### Instructions for the task:
Copy the lines from the start of the records below through the line containing "If we keep moving, next", both included, and leave out the pictures.

** Opening Entries supplied block **

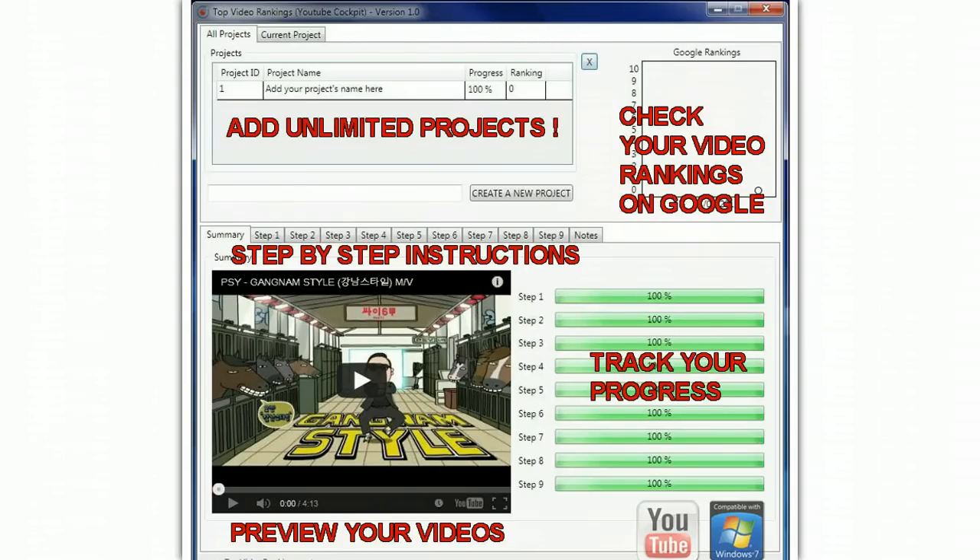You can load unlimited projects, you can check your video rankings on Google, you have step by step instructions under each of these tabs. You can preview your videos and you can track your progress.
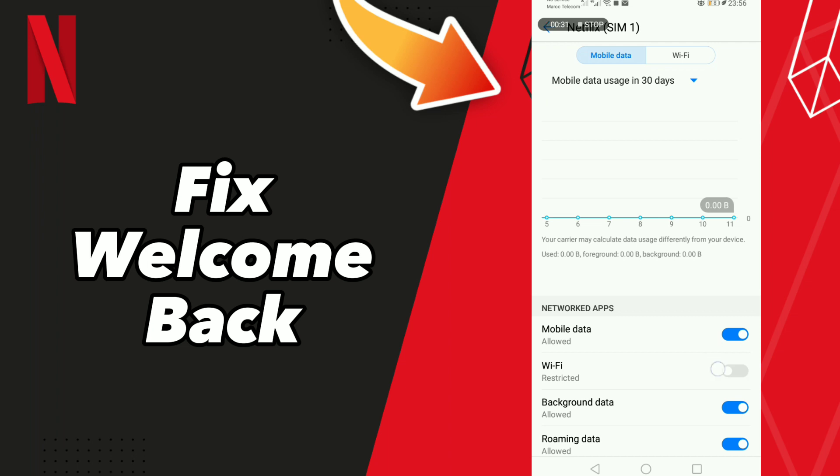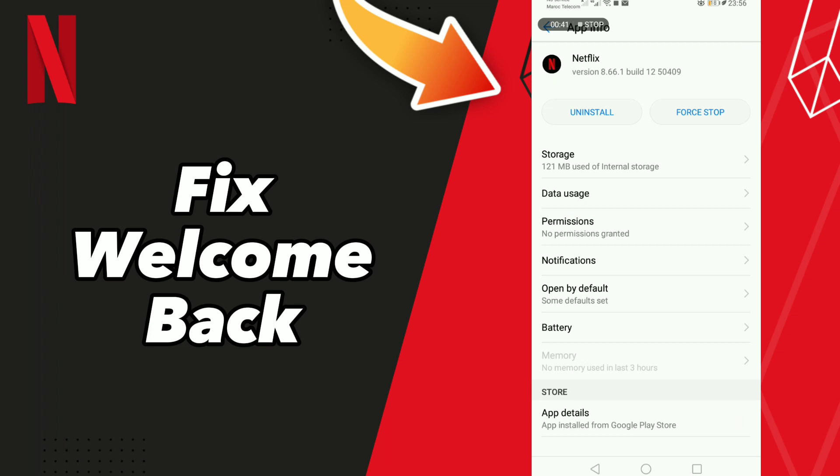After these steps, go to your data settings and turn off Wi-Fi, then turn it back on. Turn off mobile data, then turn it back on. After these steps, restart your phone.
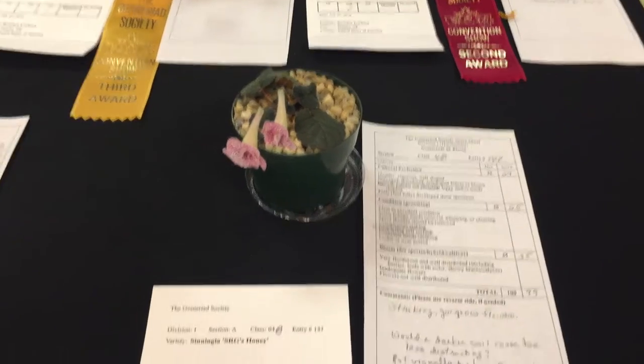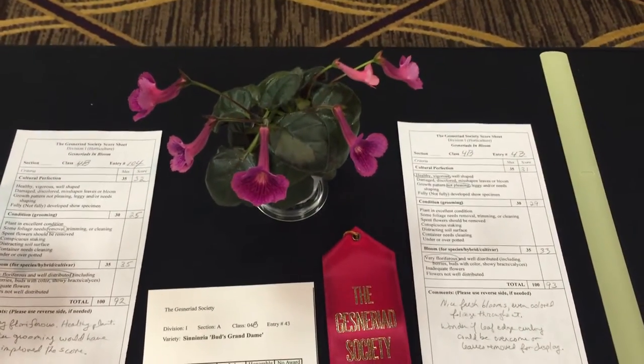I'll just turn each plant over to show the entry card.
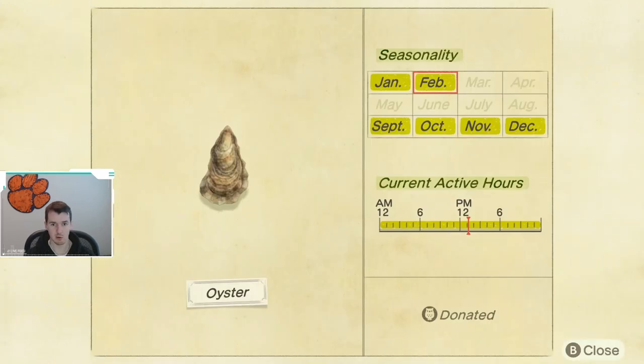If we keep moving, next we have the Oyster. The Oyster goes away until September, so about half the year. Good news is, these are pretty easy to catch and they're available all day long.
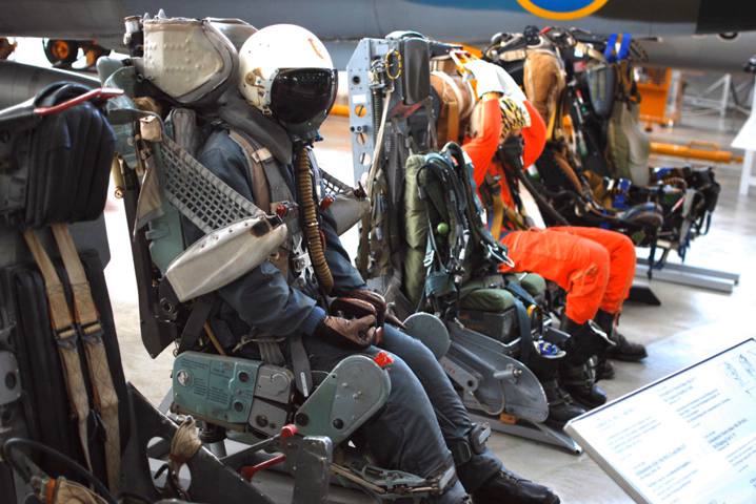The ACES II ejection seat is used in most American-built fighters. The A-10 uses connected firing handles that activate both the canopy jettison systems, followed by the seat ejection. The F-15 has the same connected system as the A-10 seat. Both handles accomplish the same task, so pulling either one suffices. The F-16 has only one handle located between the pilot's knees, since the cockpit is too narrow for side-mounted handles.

** Closing Entries supplied block **

### Exercise result:
You can load unlimited projects, you can check your video rankings on Google, you have step by step instructions under each of these tabs. You can preview your videos and you can track your progress.
After these steps, go to your data settings and turn off Wi-Fi, then turn it back on. Turn off mobile data, then turn it back on. After these steps, restart your phone.
I'll just turn each plant over to show the entry card.
If we keep moving, next we have the Oyster. The Oyster goes away until September, so about half the year. Good news is, these are pretty easy to catch and they're available all day long.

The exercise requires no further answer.